Gerçek mutluluğu, kendisinin de mensubu olduğu burjuva takımıyla Moskova’nın yüksek sosyetesinde bulamayan boşluktaki bir Rus gencinin bu mutluluğu; memleketinden uzakta, muhteşem doğa koşullarına kendisini adapte etmiş, kendi kendine yeten, bu yüzden dış dünya ile pek de ilgilenmeyen ve hatta Rus’ları küçümseyen Terek Kazak’larından oluşan küçük bir köyde aramasını konu alır.

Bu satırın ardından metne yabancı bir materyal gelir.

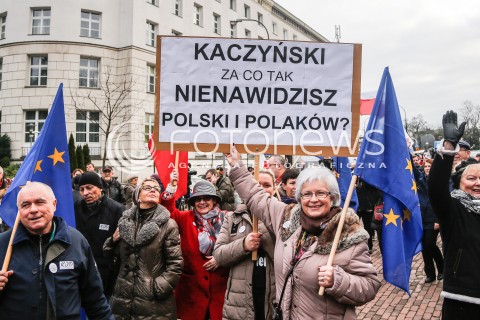  19.12.2015 WARSZAWA <br />MANIFESTACJA POD SEJMEM W OBRONIE DEMOKRACJI <br />N/Z BANERY TRANSPARENTY<br /> 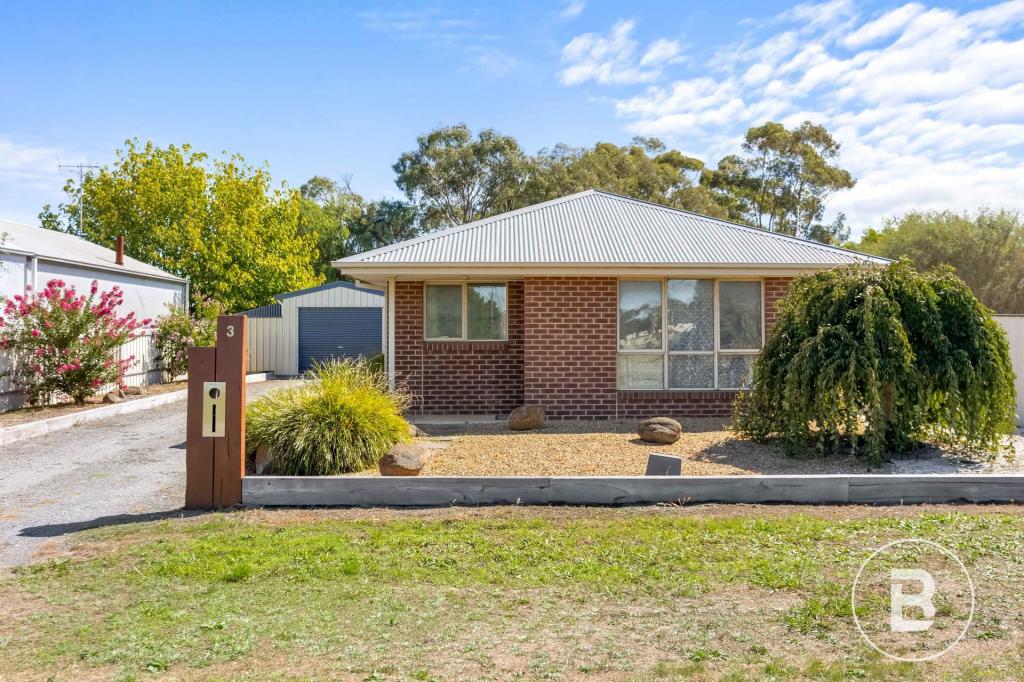 3 HAWTHORN ST, ARARAT, VIC 3377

Olenin, köyde tesadüfen kiracı olduğu evin kızına karşı beslediği samimi sevgiyi günden güne büyütürken, kendisini, aynı kızı isteyen ve köy ahalisi tarafından da çok sevilip tutulan yiğit bir Tatar delikanlısı olan Luka ile de içsel çatışmalar halinde bulur.
Sade, kendi içinde düzenli ve geleneklerine bağlı Terek Kazaklarının kendi bölgelerindeki Rus‘ları içtenlikle sevip saymamaları, Olenin’in hikayesini belki de hiç bir zaman aşamayacağı bir çıkmaza sokar.
Bu çıkmazlar içinde gel-gitler yaşayan Olenin, en sonunda bu sefer gerçekten yaklaştığını hissettiği, içinde her gün daha da yeşeren o gerçek mutluluğun ellerinden kayıp gittiğini görmesiyle, ümitlerini bir kez daha kaybedecek ve kendini tekrar o yalan dünyaya dönmek zorunda hissedecektir.
Roman, Çarlık Rusyası sonrası Rusların egemen oldukları uzak bölgelerdeki sosyal statüleri ve kendilerine has özellikleriyle Terek Kazaklarının beşeri ve ahlaki yaşam tarzlarına bir bakış atıyor.